Sul piano spaziale il film alterna numerose scene in interni a scene en plein air, iscrivendosi queste ultime a tutti gli effetti nel genere della flânerie, anche se la scelta dei luoghi non appare per nulla casuale ma invece deliberata, togliendo dunque alla flânerie quell’elemento di sorpresa e di stupore che le si addice; i luoghi trascelti sono, da un lato, luoghi in cui sono state rinvenute tracce archeologiche di un passato remotissimo, dall’altro, invece sono luoghi “storici” che documentano l’itinerario politico e artistico di Pablo Echaurren che – i più vecchi lo ricorderanno – è stato una figura di spicco a partire dagli anni ’70 come attore e testimone del movimento degli Indiani Metropolitani, fumettista e autore di copertina (la più celebre di tutte quella di Porci con le ali), e dunque soprattutto scene girate a La Sapienza interpolate da foto e video d’archivio. L’analogia fra l’uomo di Neanderthal, estinto, e gli Indiani, a loro volta in qualche misura estinti, mi sembra un po’ tirata per i capelli (ma un po’ tutto il film è tirato per i capelli…).

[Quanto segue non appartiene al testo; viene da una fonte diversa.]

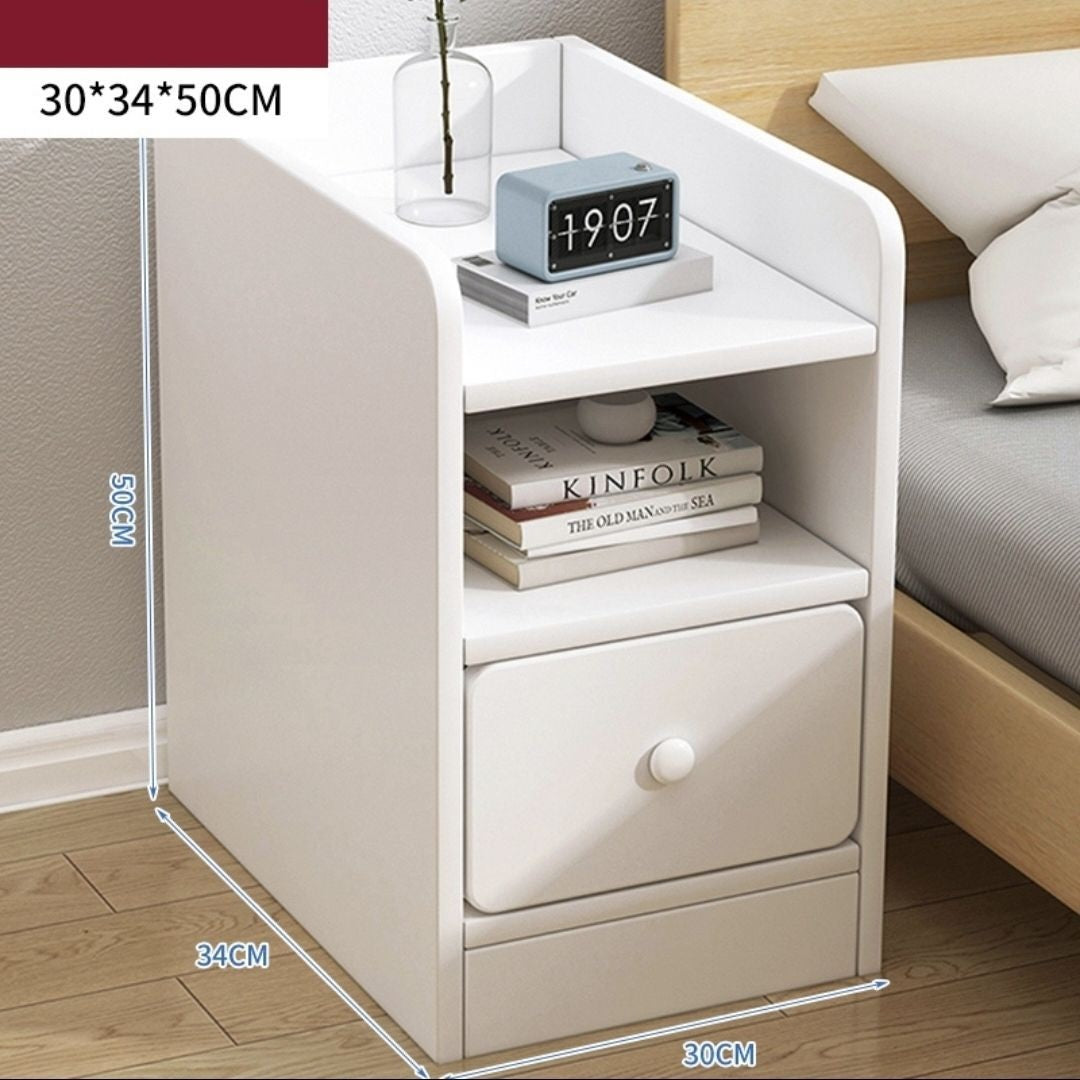 Bedside Table Simple Modern Home Bedroom Crevice Shelf Bedsi Rounded white Fillet 1layer 30x34x50 0 - Tophatter Daily Deals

La parte più interessante, anche perché visivamente e cinematograficamente più originale, è invece quella girata in interni, nella quale Matarazzo si lascia andare a tutta una serie di espedienti visivi facendo entrare i due protagonisti e anche altri personaggi dentro le elaboratissime scatole di ready made dell’artista e quindi creando effetti di miniaturizzazione o di ingigantimento, un po’ troppo compiaciuti forse, ma certamente curiosi e divertenti.
Pablo di Neanderthal; regia, fotografia, montaggio: Antonello Matarazzo; sceneggiatura: Antonello Matarazzo, Bruno Di Marino, Pablo Echaurren; produzione: Eskimo Produzioni; origine: Italia 2022; durata: 63′.